The Village of Hillsborough water supply comes from two 150-200m wells and these wells lie within lands leased for oil and gas development by Contact Exploration. With our geology and past history of hydrocarbon mining, this is a scenario of deep concern. For the past 100 years, a variety of companies have pock-marked our area with test wells. This region is littered with sinkholes, gypsum caves, fault lines and abandoned wells.
In 2006, our village drilled 29 wells looking for a reliable, clean water supply. Several years later, they drilled an additional 6 wells seeking a backup source. Today, village employees devote many hours to water monitoring, ensuring these two wells remain viable.
Both water wells are within 1.5 km of Contact Exploration’s Hopewell well pad B-55.
This is an area of complex geology that is criss-crossed by fault-lines and fractures. One of those fault lines, to the south of the wellpad, feeds our main village water well, which is about 150-200m in depth. The hydrocarbon layer begins around 470m below the surface. (read more here)
It is a well-documented fact that old abandoned wells and fault lines are a recipe for water contamination. Hydro-geologists have warned us that this situation is our village’s worst nightmare.

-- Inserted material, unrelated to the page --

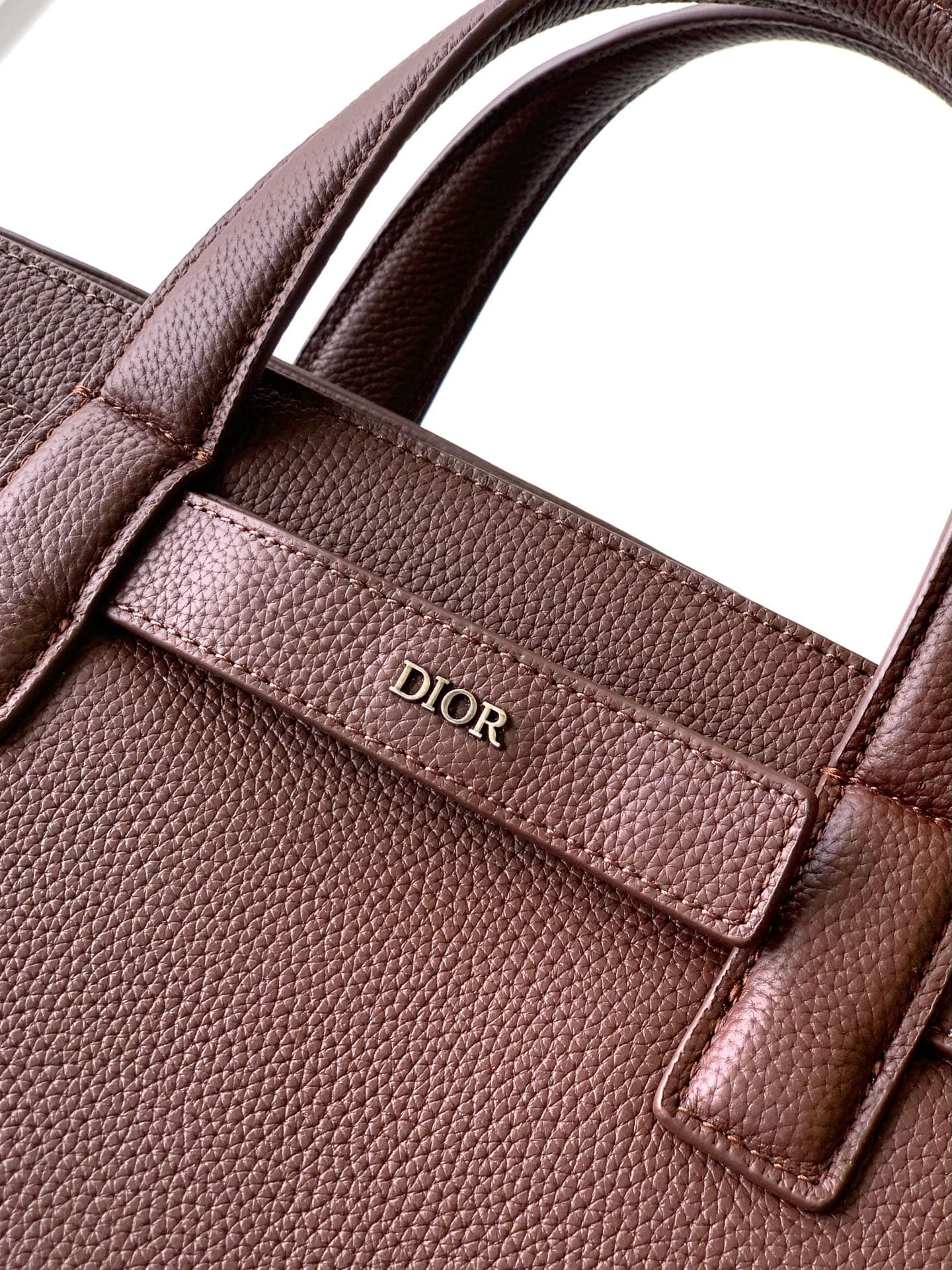 Dior Brown Medium Shoulder Bag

Craig Leonard, Minister of Energy & Mines told village officers that they had no worries. Should an accident or spill take place on well pad B55, the water would flow away from the village water wells. That means it would flow towards private wells, marshes and the Petitcodiac River.
WEPAC has received endorsement from the Hillsborough Municipal Council to explore this issue on the village’s behalf. Since then, the village has called for a moratorium to halt all work within 4km of village limits.
Unfortunately, the Province of New Brunswick does not recognize a municipality’s right to decide what industry takes place within their boundaries.